Mantan presiden Malawi meminta presiden dan pemerintah saat ini untuk ‘berhenti menganiaya warga’

Mantan presiden Malawi meminta presiden dan pemerintah saat ini untuk 'berhenti menganiaya warga'


Oleh Komandan Hitam 33m yang lalu

Bagikan artikel ini:

Rustenburg – Malawi menjadi kediktatoran lagi, kata mantan presiden Peter Mutharika.

Mutharika mengatakan pada konferensi pers di rumah jompo di Mangochi, Malawi selatan pada hari Sabtu bahwa orang yang tidak bersalah dipukuli dan diganggu oleh polisi.

“Sistem peradilan negara ini dibangun dengan asumsi bahwa setiap orang tidak bersalah sampai terbukti bersalah. Tapi orang Malawi yang menjadi sasaran penganiayaan sekarang dianggap bersalah sampai terbukti tidak bersalah. Ini praktik kediktatoran, ”ujarnya.

“Saya ingin bertanya kepada Presiden [Lazarus] Chakwera dan pemerintahnya untuk berhenti menganiaya orang Malawi. “

Dia mengatakan bukti bahwa Malawi menjadi kediktatoran adalah bahwa Partai Kongres Malawi menggunakan kekuasaan sewenang-wenang untuk mengorbankan orang-orang yang tidak bersalah, menambahkan bahwa dia tidak melakukan kejahatan apa pun dan tidak menjawab tuduhan apa pun, tetapi, pemerintah membekukan rekening banknya tanpa alasan apa pun. semua.

“Ini termasuk akun di mana saya menerima gaji pribadi saya. Ini rekening di mana saya seharusnya menerima manfaat pensiun saya, ”katanya.

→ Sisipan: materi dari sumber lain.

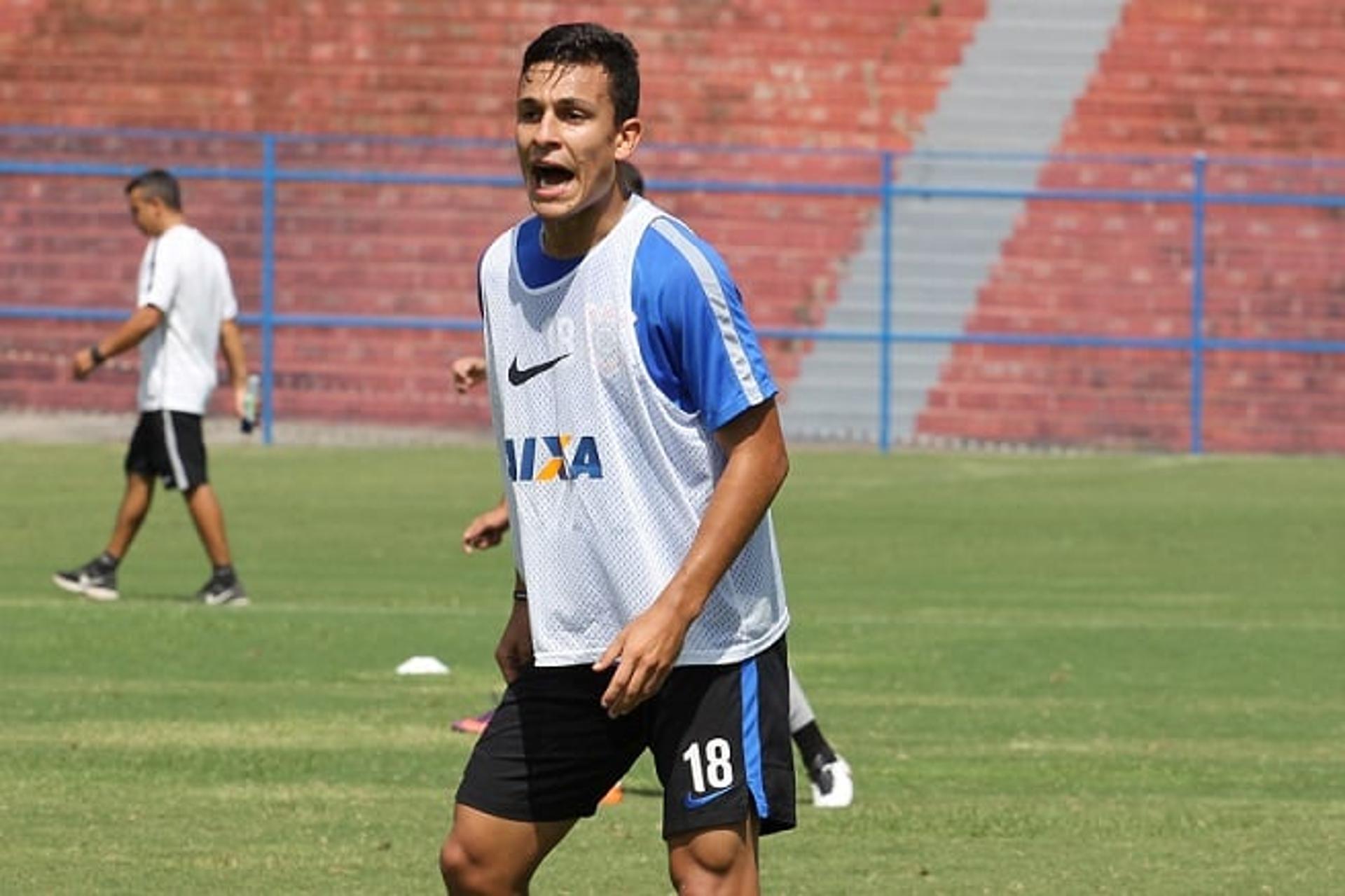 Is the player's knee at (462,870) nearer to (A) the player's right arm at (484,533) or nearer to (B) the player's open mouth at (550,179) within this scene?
(B) the player's open mouth at (550,179)

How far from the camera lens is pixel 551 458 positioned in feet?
19.6

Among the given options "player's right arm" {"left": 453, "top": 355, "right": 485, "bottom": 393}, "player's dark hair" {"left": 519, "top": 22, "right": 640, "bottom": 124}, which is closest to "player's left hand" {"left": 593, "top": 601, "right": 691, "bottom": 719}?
"player's dark hair" {"left": 519, "top": 22, "right": 640, "bottom": 124}

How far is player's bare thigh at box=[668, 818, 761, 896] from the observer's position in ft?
19.1

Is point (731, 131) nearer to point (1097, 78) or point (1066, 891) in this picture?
point (1097, 78)

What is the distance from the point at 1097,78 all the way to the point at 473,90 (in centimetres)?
586

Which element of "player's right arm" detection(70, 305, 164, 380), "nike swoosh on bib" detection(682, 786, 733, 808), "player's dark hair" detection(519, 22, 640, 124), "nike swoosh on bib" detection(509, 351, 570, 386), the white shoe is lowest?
the white shoe

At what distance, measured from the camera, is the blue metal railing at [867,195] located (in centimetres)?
2814

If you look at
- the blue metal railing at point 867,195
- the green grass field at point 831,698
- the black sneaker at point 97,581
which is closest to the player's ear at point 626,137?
the green grass field at point 831,698

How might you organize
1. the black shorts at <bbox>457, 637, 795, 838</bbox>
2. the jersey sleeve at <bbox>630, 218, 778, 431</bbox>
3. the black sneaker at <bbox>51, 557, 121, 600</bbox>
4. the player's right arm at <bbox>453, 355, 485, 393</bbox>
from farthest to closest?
the black sneaker at <bbox>51, 557, 121, 600</bbox>
the player's right arm at <bbox>453, 355, 485, 393</bbox>
the black shorts at <bbox>457, 637, 795, 838</bbox>
the jersey sleeve at <bbox>630, 218, 778, 431</bbox>

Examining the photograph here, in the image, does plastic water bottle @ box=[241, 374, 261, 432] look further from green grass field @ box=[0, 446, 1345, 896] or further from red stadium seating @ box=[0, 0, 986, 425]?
red stadium seating @ box=[0, 0, 986, 425]

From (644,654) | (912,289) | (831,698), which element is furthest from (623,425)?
(912,289)

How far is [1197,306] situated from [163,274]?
575 inches

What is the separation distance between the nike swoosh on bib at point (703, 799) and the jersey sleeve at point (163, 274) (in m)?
10.1

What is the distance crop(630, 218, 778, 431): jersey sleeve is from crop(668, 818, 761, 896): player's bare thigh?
74cm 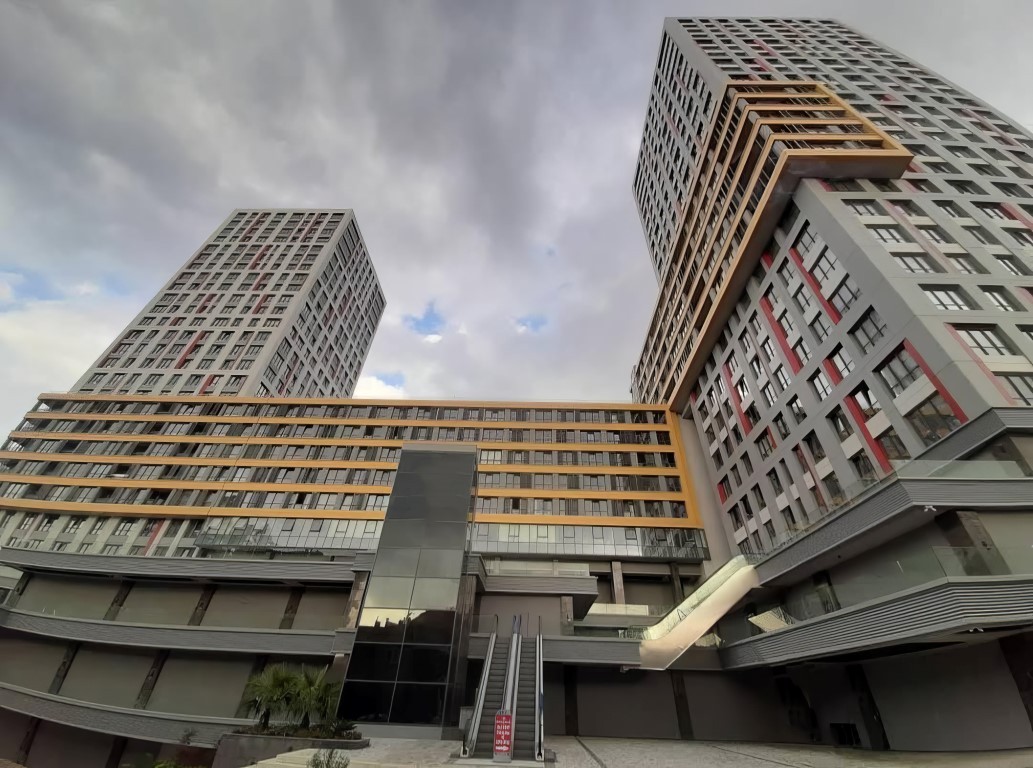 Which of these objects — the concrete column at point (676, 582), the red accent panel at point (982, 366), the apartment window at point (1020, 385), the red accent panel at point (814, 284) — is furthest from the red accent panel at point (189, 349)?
the apartment window at point (1020, 385)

“Hari ini, saya ingin meminta Presiden Chakwera menjelaskan kepada rakyat Malawi apa kesalahan yang telah saya lakukan. Apakah saya dihukum hanya karena saya adalah presiden negara ini? “

Menurut laporan media Malawi, Biro Antikorupsi (ABC) membekukan rekening bank pada Agustus 2020 ketika mulai menyelidiki Mutharika atas skandal semen senilai K5 miliar (sekitar US $ 6,6 juta) di mana nomor pajaknya digunakan untuk mengimpor kantong semen. bebas bea dari Zimbabwe dan Zambia antara 2018 dan 2019.

Mutharika menyerukan persatuan, menyatakan bahwa negara itu menuju ke arah yang salah.

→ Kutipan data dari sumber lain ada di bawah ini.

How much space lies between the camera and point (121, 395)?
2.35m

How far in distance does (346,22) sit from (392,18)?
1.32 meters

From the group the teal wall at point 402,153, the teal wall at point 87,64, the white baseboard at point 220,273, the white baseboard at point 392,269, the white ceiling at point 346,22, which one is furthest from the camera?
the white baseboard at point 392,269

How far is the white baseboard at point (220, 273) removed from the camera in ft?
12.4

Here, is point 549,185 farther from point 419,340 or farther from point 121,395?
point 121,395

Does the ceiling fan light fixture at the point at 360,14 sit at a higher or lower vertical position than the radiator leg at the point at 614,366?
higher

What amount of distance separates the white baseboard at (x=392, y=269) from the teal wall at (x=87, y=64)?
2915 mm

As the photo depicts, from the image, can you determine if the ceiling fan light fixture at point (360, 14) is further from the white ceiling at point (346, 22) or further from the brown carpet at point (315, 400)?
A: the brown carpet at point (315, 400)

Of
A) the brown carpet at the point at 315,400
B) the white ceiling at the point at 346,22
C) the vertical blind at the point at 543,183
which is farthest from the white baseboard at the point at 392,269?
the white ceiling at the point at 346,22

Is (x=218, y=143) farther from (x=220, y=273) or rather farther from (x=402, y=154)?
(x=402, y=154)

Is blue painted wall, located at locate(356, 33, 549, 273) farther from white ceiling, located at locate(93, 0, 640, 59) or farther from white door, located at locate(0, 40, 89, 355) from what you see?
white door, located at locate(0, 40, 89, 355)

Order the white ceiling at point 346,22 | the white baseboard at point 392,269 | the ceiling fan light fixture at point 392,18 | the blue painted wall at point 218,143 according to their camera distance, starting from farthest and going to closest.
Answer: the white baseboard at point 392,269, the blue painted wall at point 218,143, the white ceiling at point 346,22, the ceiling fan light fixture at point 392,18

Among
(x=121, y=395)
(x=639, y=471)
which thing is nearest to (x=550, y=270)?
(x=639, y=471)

“Saya ingin mengajak semua warga Malawi untuk mengingat bahwa ini adalah negara kami dan kami semua orang Malawi, khususnya, saya ingin bertanya kepada semua DPP. [Democratic Progressive Party] anggota untuk bersatu dalam menyelamatkan negara ini. “

Dia mengatakan Malawi hanya bisa berkembang dengan patriotisme, integritas, dan kerja keras.

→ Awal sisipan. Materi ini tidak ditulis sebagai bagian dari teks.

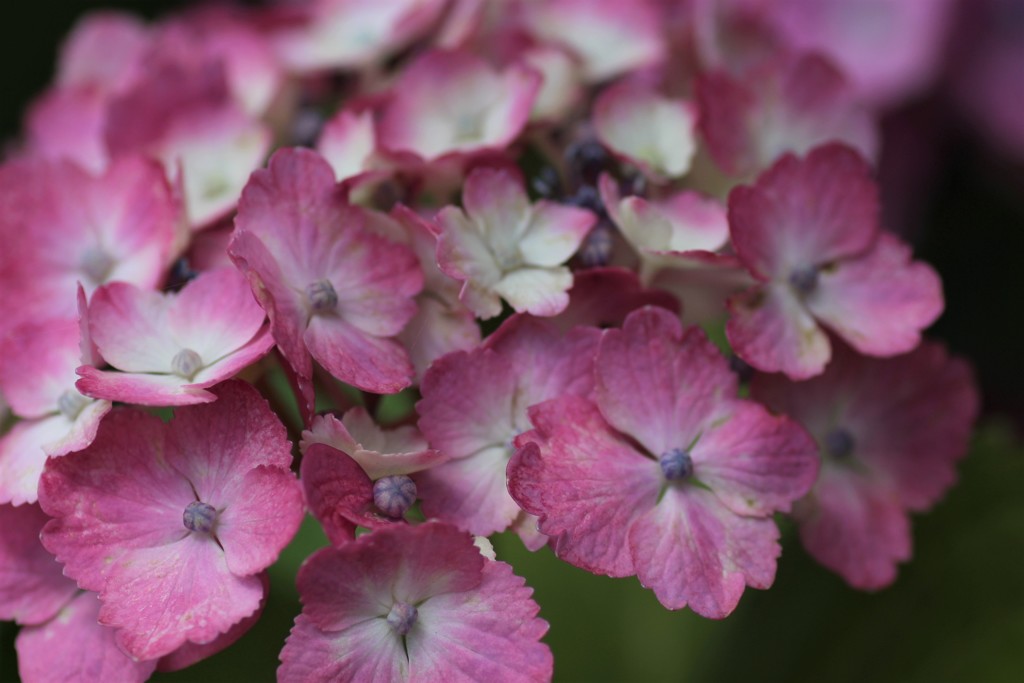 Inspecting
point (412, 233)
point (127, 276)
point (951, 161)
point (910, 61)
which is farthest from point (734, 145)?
point (951, 161)

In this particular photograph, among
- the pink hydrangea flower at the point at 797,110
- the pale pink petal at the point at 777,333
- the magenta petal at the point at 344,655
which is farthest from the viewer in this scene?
the pink hydrangea flower at the point at 797,110

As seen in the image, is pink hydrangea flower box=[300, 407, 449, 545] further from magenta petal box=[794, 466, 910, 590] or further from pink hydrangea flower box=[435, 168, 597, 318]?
magenta petal box=[794, 466, 910, 590]

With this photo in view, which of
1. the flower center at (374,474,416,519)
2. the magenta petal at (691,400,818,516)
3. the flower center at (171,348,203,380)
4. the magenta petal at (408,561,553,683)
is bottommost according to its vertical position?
the magenta petal at (408,561,553,683)

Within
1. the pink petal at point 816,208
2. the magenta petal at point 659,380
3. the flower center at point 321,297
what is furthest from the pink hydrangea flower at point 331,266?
the pink petal at point 816,208

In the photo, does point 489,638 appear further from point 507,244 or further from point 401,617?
point 507,244

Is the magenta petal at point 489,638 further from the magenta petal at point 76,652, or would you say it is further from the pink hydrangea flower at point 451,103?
the pink hydrangea flower at point 451,103

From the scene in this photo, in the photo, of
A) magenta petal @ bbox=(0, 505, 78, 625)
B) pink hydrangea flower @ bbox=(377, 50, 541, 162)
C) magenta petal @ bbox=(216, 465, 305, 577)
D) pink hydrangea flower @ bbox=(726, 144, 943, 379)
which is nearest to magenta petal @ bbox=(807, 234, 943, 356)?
pink hydrangea flower @ bbox=(726, 144, 943, 379)

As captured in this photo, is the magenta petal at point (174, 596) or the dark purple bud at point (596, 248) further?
the dark purple bud at point (596, 248) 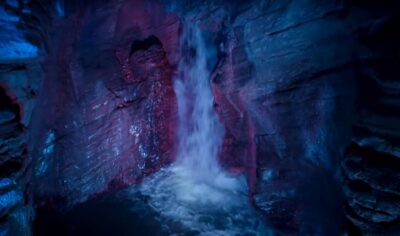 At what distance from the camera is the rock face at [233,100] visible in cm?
340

Chakwera – yang telah menghabiskan sebagian besar hidupnya sebagai seorang teolog – memulai masa jabatannya sebagai presiden pada Juni 2020, menggantikan Mutharika.

Mantan presiden Malawi Hastings Kamuzu Banda mengkonsolidasikan kekuasaan dan kemudian mendeklarasikan Malawi sebagai negara satu partai di bawah Partai Kongres Malawi pada 1960-an.